出典: The Autobiography of Bertrand Russell, v.1, chap. 1, 1967]
詳細情報:http://russell-j.com/beginner/AB12-010.HTM

[寸言]
『ラッセル自伝』(The Autobiography of Bertrand Russell, 3 vols.)には,膨大な量の書簡や日記が収録されています。幼児期のものは少しだけですが、青年期のものは多く含まれています。青年期の日記は祖母などにみられたくないということで、鍵付きの日記帳に「ギリシア語練習帳」とタイトルがつけられ、ギリシア文字で綴られています。(上の添付写真参照) 15歳くらいからいろいろな思索が綴られており、なかでも宗教(キリスト教)に関してできるだけ客観的に検討しようとした努力を垣間見ることができます。この思索の末についに宗教(キリスト教信仰)を捨てることになります。

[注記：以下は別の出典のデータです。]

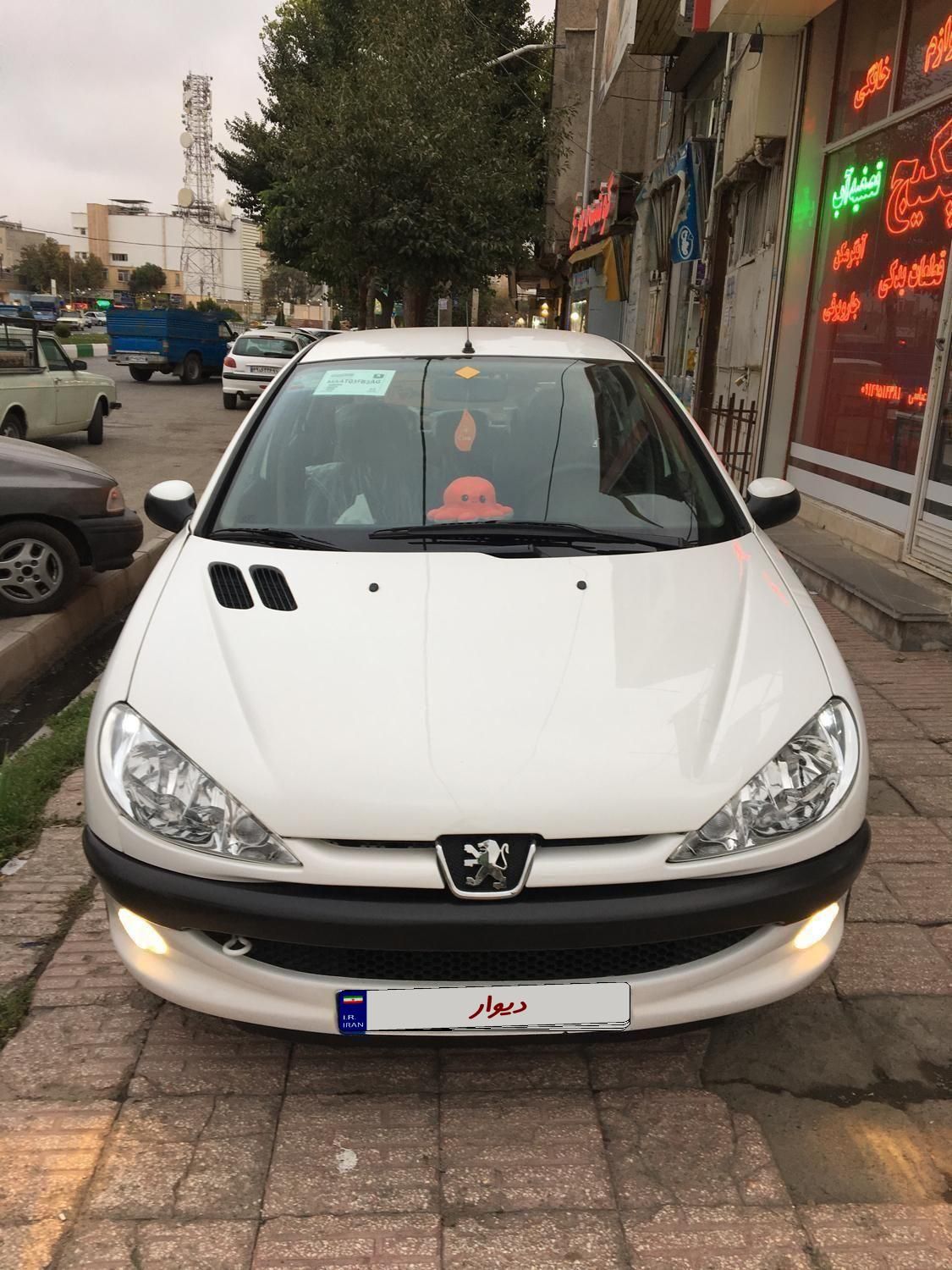 خودرو پژو، 206 آگهی ann_18578162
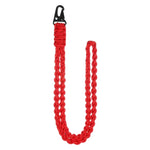 QD-258 Dây dù lính dù đa năng ngoài trời móc kim loại thủ công, Dây dù lính dù QD-258 (Đỏ), Dây dù lính dù QD-258 (Đen), Dây dù lính dù QD-258 (Xanh Đậm)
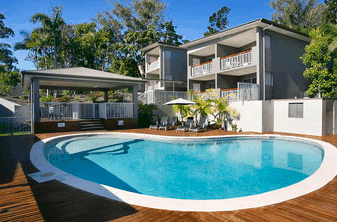 Noosa Heads Motel - Accommodation Sydney 3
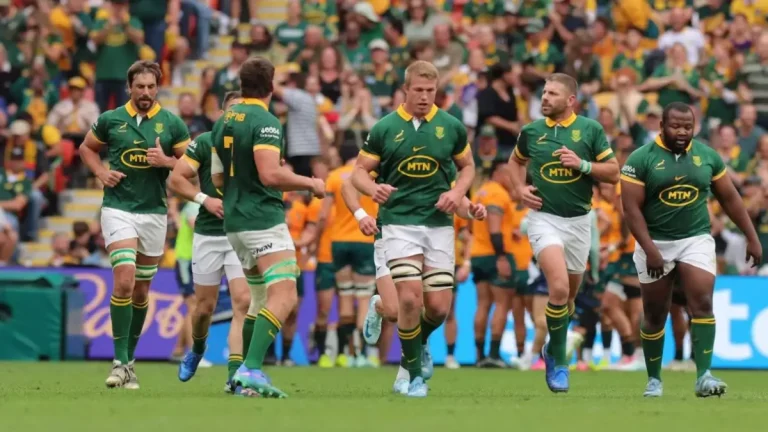 Springboks vs Barbarians: Historic First Match on South African Soil This Weekend Springboks vs Barbarians: Historic First Match on South African Soil This Weekend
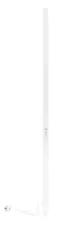 Электрический полотенцесушитель «Indigo» Style Pro LSPRE120-3WMRt 3/120 белый универсальный, картинка №2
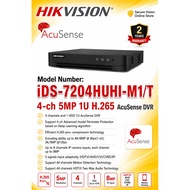 Hikvision iDS-7204HUHI-MI/T 4-ch SMP IU AcuSense DVR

TPJ-WIC1 ラッセルのギリスト教に対する批判は容赦がなく、キリスト教の信者からは、ラッセルは,(日本の宗教家からさえも)宗教(特にキリスト教)の本質や役割がわかっていないと批判されます。しかし、特定の宗教を信じている人たちは、信じることを決めたらそれ以上の疑問をもたないようにしているだけであり、ラッセルのように宗教や神について疑問に思ったことについて徹底的に「自分の頭」で考えたことがない人がほとんどです。

それに対し、宗教の場合は「信じることが重要だ」と言う人がいますが、それなら「どんな宗教でも信じさえすればよいのか」と言うと、その人(ラッセルを批判する人)が信じている宗教を信じることはよいが、それ以外の邪教を信じることは無宗教よりもっと悪いと言ったりします。

キリスト教とイスラム教の対立も、これでは解決しようがありません。これに対し、日本の場合一神教ではなく多神教(八百万の神の崇拝)だからよいと自分たちの優位性をほこる人も少なく無いですが、(日本会議にみさなんを始め)同様に浅はかな人が多いと言わざるをえません。